Policy Prescriptions for Small and Medium Enterprises

Policy Guidebook for SME Development in Asia and the Pacific by Masato Abe, Michael Troilo, J S Juneja and Sailendra Narain (Bangkok: ESCAP), 2012; pp xviii + 223, $80.

While orthodox growth theory simply assumes that growth will take care of distribution, it has proved otherwise in the new century. As rightly noted by reports of the International Labour Organisation, growth has become increasingly a story of growing inequality across the globe. Hence, the conceptualisation of “inclusive growth”. Economic theory, from time to time, has looked into the role of key agents of distribution in the economy. An equalising distribution cannot take place unless the relevant agents are constantly at work within the economy. Thus the focus on small and medium enterprises (SMEs), whose perceived role, traditionally, has been distributive. SMEs are viewed as the best agents of decentralised growth and growth spillovers in any economy.

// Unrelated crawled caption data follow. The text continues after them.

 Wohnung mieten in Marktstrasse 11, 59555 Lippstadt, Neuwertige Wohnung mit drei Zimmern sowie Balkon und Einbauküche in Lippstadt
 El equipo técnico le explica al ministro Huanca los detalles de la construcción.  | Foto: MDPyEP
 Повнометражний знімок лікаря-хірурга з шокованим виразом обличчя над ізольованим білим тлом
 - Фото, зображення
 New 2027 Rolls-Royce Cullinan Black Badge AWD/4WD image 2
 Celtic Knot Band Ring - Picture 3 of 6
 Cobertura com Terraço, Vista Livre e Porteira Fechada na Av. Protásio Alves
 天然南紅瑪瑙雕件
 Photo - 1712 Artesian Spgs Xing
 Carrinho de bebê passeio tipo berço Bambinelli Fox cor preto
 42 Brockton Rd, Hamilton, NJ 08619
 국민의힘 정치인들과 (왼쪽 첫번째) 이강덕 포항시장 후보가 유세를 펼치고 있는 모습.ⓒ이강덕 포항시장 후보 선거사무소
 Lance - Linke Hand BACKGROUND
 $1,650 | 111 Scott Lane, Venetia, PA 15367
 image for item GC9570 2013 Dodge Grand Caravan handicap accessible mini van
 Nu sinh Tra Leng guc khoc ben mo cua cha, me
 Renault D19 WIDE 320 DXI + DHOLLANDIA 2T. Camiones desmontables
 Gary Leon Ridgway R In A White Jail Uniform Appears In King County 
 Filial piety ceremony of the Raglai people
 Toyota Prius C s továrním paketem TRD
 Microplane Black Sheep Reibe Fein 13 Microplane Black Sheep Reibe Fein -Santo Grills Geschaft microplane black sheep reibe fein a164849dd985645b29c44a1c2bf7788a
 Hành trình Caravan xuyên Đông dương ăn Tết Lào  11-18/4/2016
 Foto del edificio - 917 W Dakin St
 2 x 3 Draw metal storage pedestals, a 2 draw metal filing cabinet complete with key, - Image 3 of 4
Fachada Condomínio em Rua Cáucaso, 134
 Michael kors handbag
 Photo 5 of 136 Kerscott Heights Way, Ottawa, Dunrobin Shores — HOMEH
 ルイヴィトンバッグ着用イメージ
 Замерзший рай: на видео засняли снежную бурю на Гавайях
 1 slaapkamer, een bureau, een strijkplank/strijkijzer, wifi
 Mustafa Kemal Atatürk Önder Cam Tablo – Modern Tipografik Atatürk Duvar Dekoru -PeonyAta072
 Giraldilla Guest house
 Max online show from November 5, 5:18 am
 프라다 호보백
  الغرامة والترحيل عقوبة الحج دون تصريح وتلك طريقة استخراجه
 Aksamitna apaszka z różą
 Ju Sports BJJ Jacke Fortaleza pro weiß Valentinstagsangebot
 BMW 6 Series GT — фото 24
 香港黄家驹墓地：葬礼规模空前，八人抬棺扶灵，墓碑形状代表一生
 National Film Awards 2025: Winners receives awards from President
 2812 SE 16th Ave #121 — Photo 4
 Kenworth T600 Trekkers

Despite such a strategic role, the practice of SME development in most countries of the world remains largely ad hoc and not integrated with the mainstream models of economic growth which continue to guide economic policy in these countries. While during normal times ad hocism holds sway, the role of SMEs comes to be actively debated during an economic crisis. Thus, after the 2008 economic crisis, most parts of the world have ushered in a plethora of official SME-development strategies including tax relief, new incentives and several welfare measures for the entrepreneurs. The implicit message is that SMEs are key instruments for reducing the pain of the crisis, though the crisis-averting role of the SMEs has not been adequately recognised by policymakers. The book under review discusses the extent to which micro, small and medium enterprises (MSMEs) can be central in private sector development policy in Asian countries.